▸ RAW DATA:
################

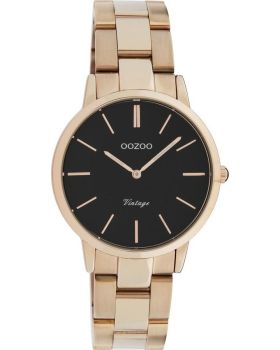 Oozoo Vintage C20049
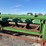 john-deere-843-image-6
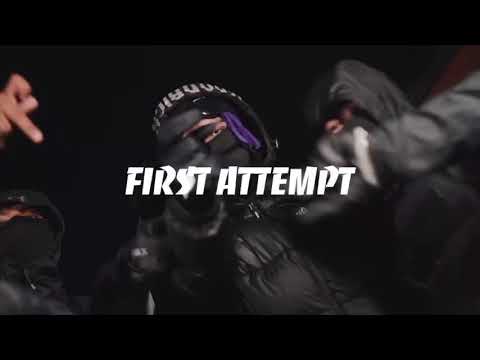 Lz oso -first attempt (this is only a preview) but go run up the real tune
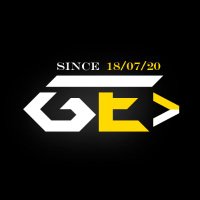 Golden Edge™ (Desde 🏠) (@golden_edgegg) 's Twitter Profile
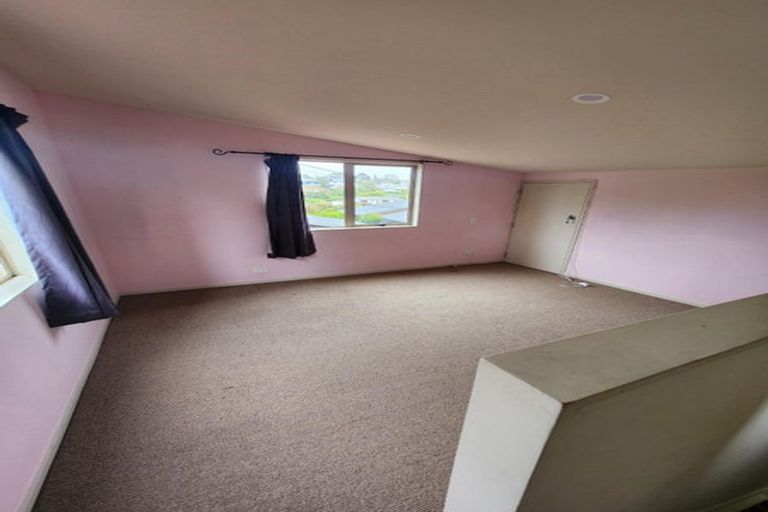 Photo of property in 13a Hebron Road, Waiake, Auckland, 0630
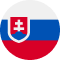 218 slovakia 1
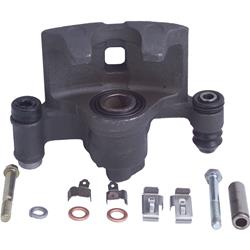 Cardone Remanufactured Brake Calipers for 1986-1993 CELICA - 19-1029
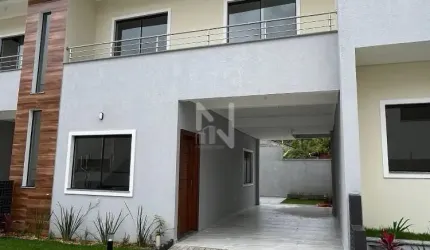 Geminado Moderno e Pronto para Morar no Bom Retiro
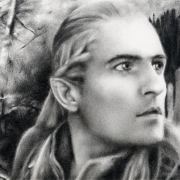 legolas_hojaverd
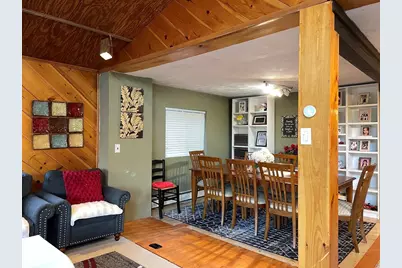 26 Pelham St, Billerica, MA 01862 - Photo 14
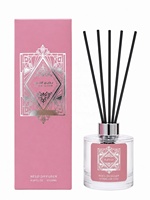 Diffuseur de parfum arabe à bâtonnets, best-seller, huile aromatique de luxe haute fidélité, parfum d'ambiance intense et longue durée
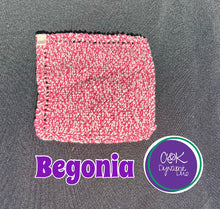 Load image into Gallery viewer, Dishcloth
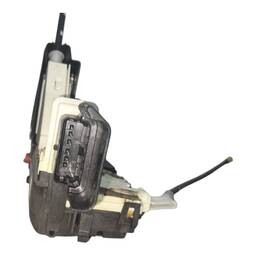 FECHADURA PORTA TRASEIRA ESQUERDA PEUGEOT 308 408 2012/2019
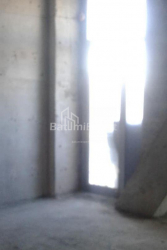 Mənzil 3-комн 68 m² - Şerif Ximşiaşvili, Batumi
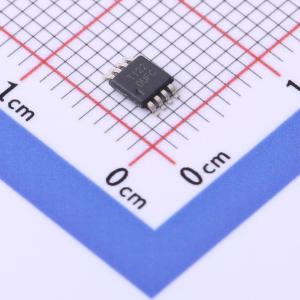 TMP431DDGKR商品缩略图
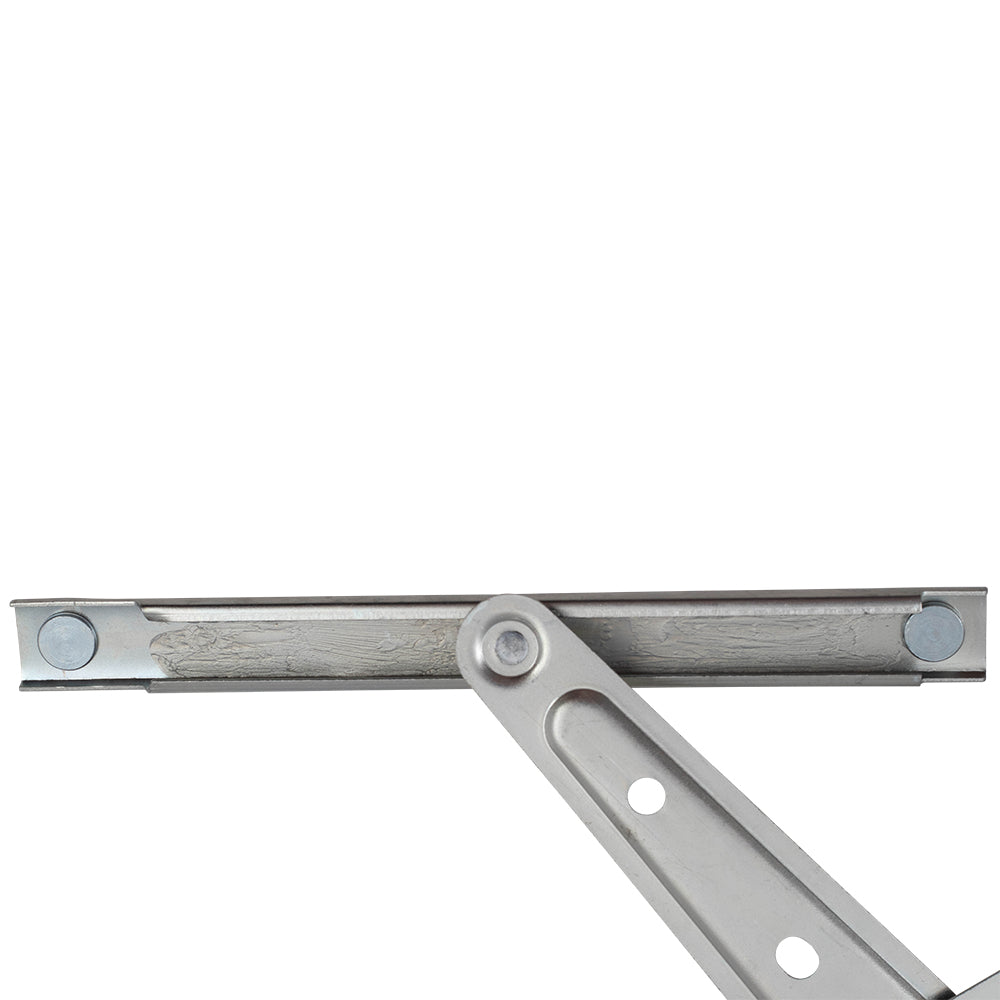 Drivers Rear Power Window Regulator with Motor Left Assembly Compatible with 03-09 Sorento 834013E002 748-944 82-4519B 389046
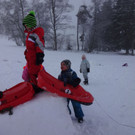Ski und Rodel _36_.JPG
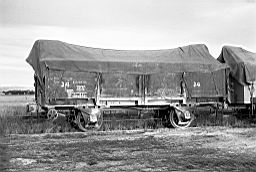 &copy; Rob O'Regan, 1979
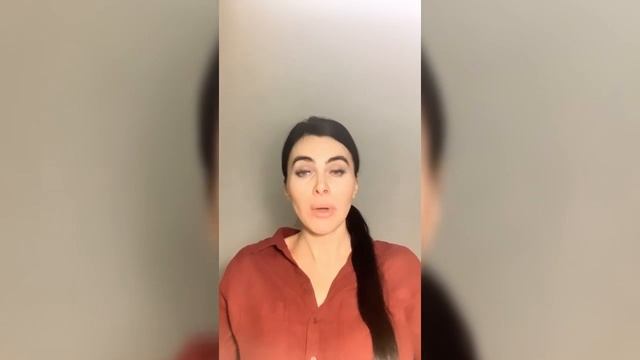 Подарки мужчинам смотреть онлайн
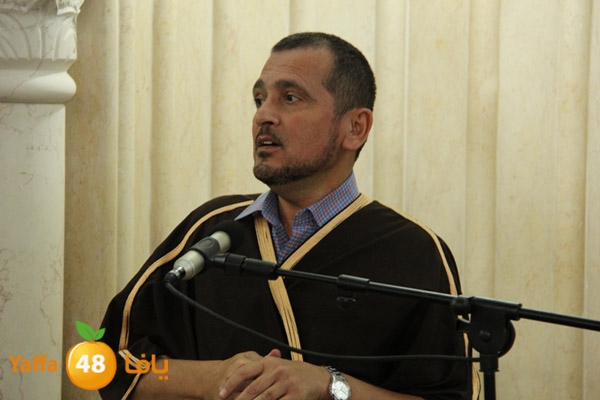 omsiya nozha 1104 (10).JPG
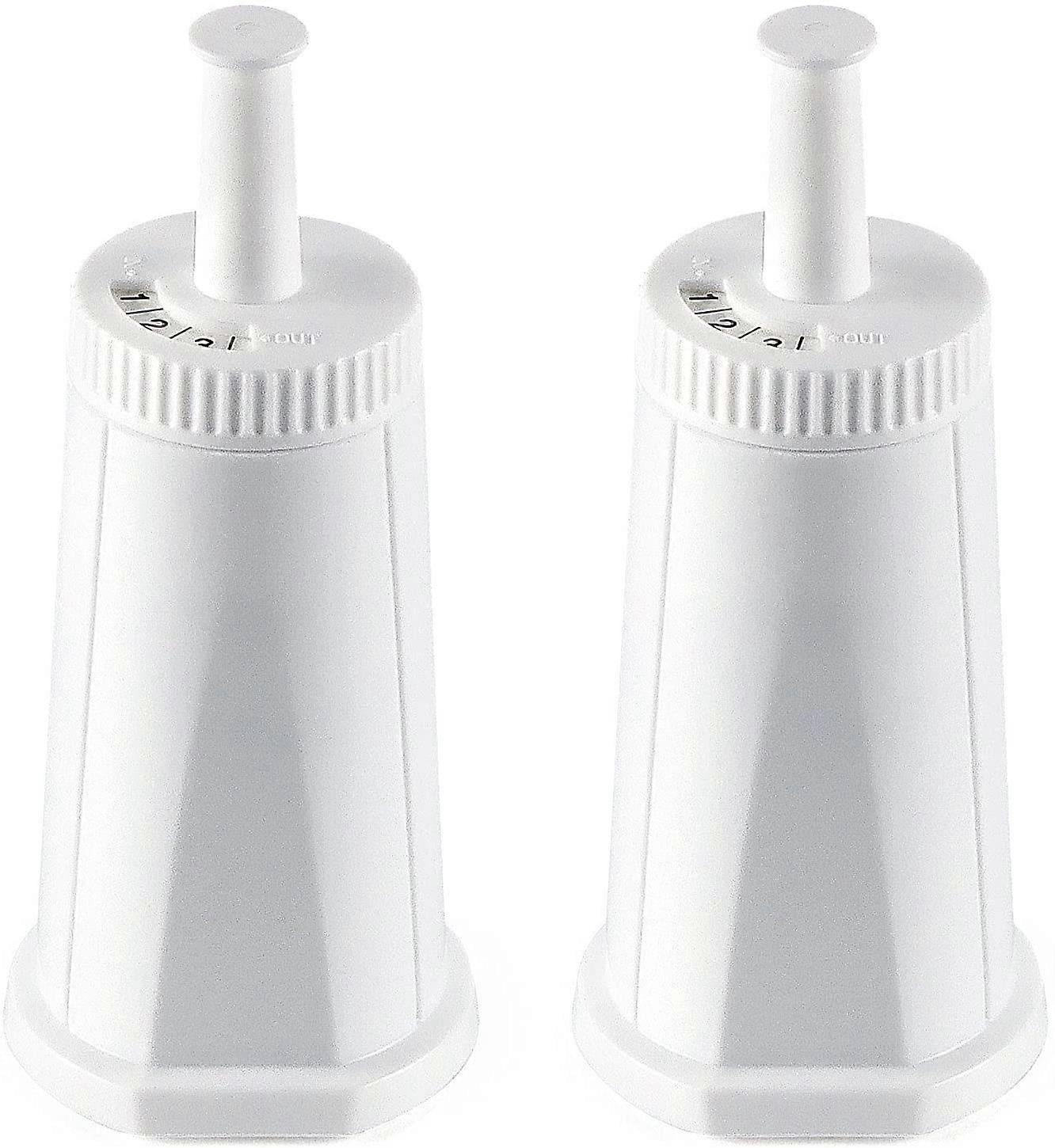 Coffee machine filter for BES008 Bbes008 filter BES878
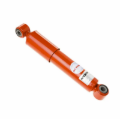 Picture of Koni Dodge Promaster Torsion Rear Shock - LMax 420mm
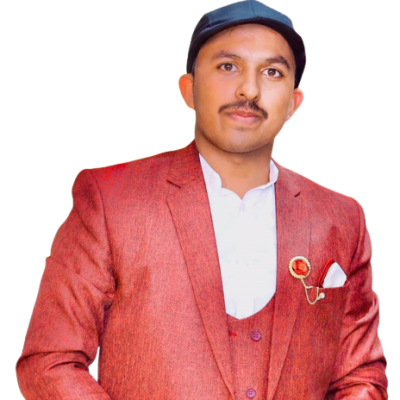 Profile image for Rana Faisal Iqbal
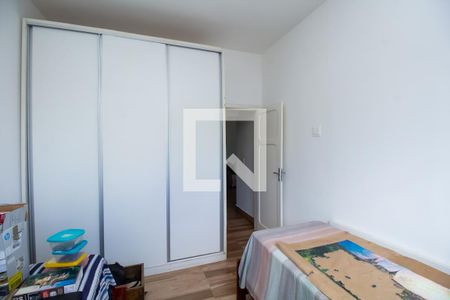 Quarto 1 de apartamento à venda com 5 quartos, 150m² em Floresta, Belo Horizonte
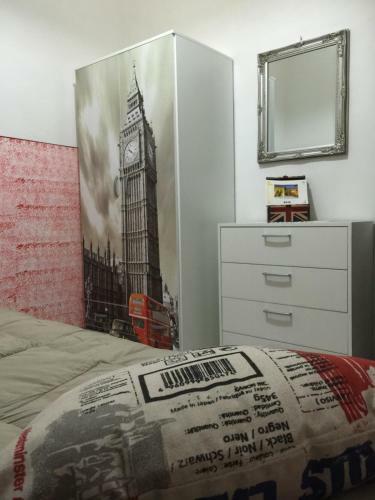 Apartamento Il Porto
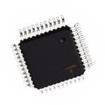 HI5662/6IN  Semiconductors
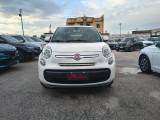 VENDO Auto a Volla – foto 1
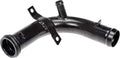 ENGINE HEATER HOSE ASSEMBLY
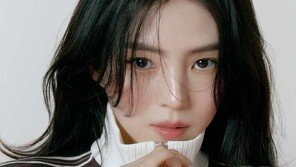 휠라 “‘1911 니트트랙’ 판매량 74% 증가… 핵심 아이템으로 부상”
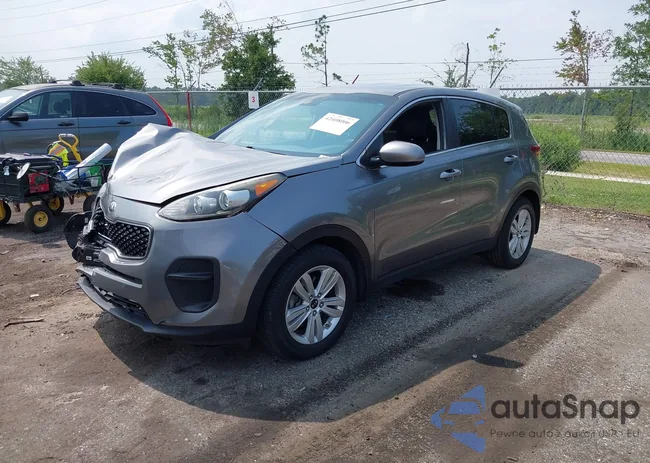 KNDPM3AC7K7560377: 42408006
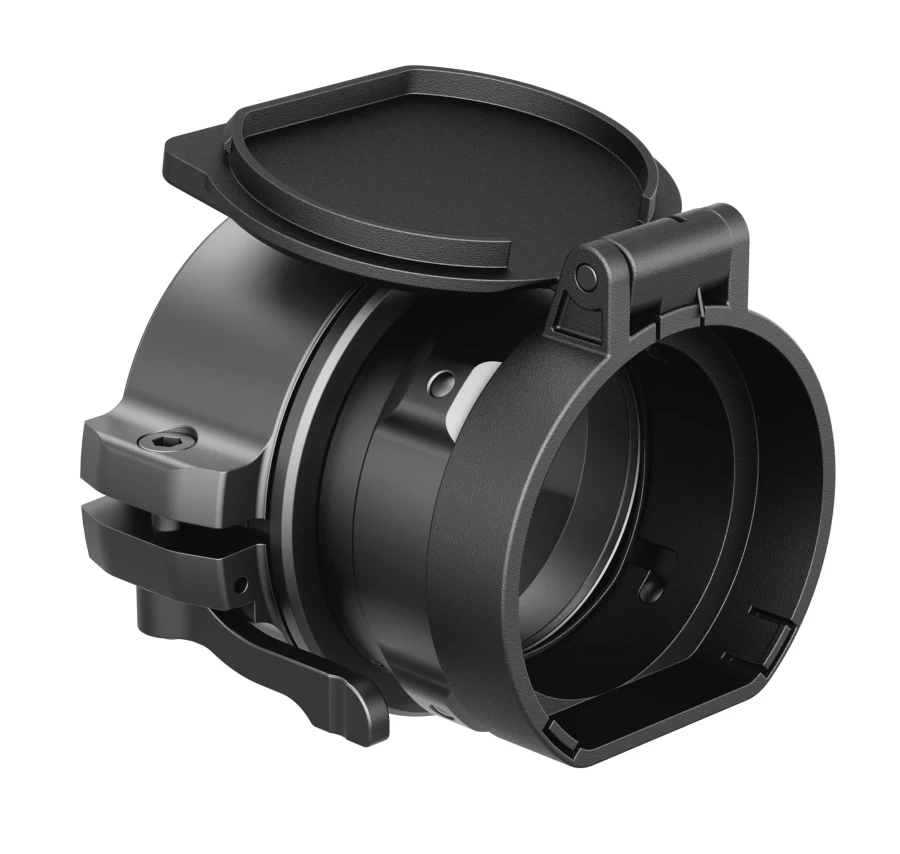 Bresser 42mm Cover Ring Adapter for Core FXQ - Dn Compatible Photography Accessory
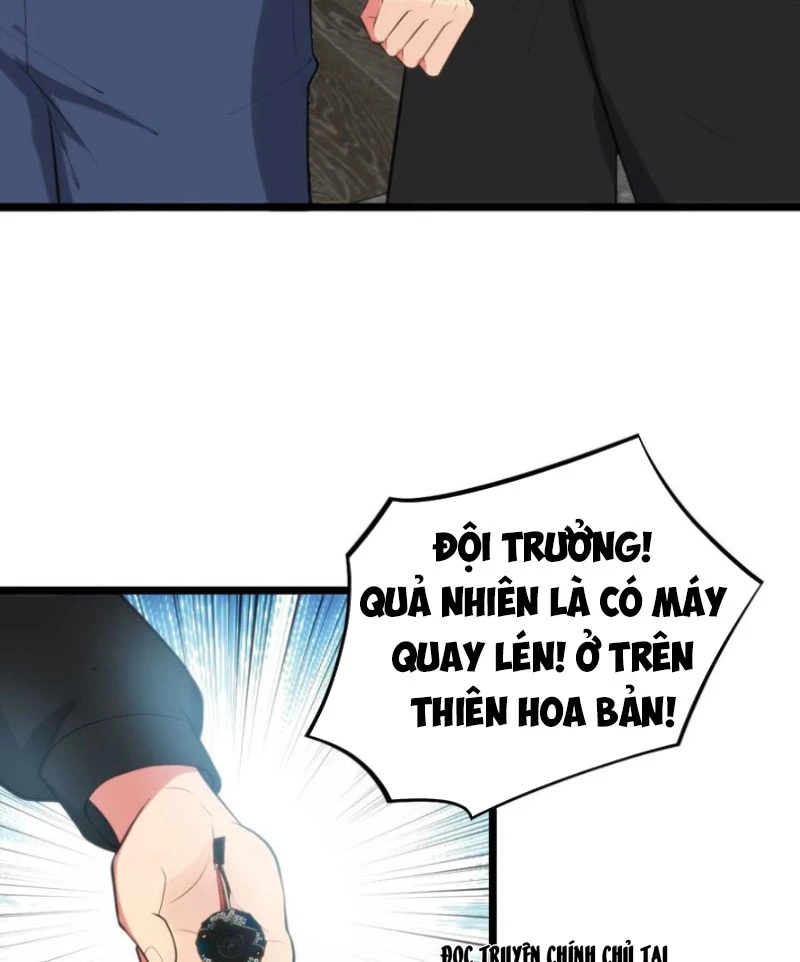 Ta Có 90 Tỷ Tiền Liếm Cẩu! Chapter 392 - Trang 4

################

Transcribe only the lines from the line holding "Bresser 42mm Cover" to the final line of the listing above. Keep them exact, include both ends, and skip the pictures.

 Bresser 42mm Cover Ring Adapter for Core FXQ - Dn Compatible Photography Accessory
 Ta Có 90 Tỷ Tiền Liếm Cẩu! Chapter 392 - Trang 4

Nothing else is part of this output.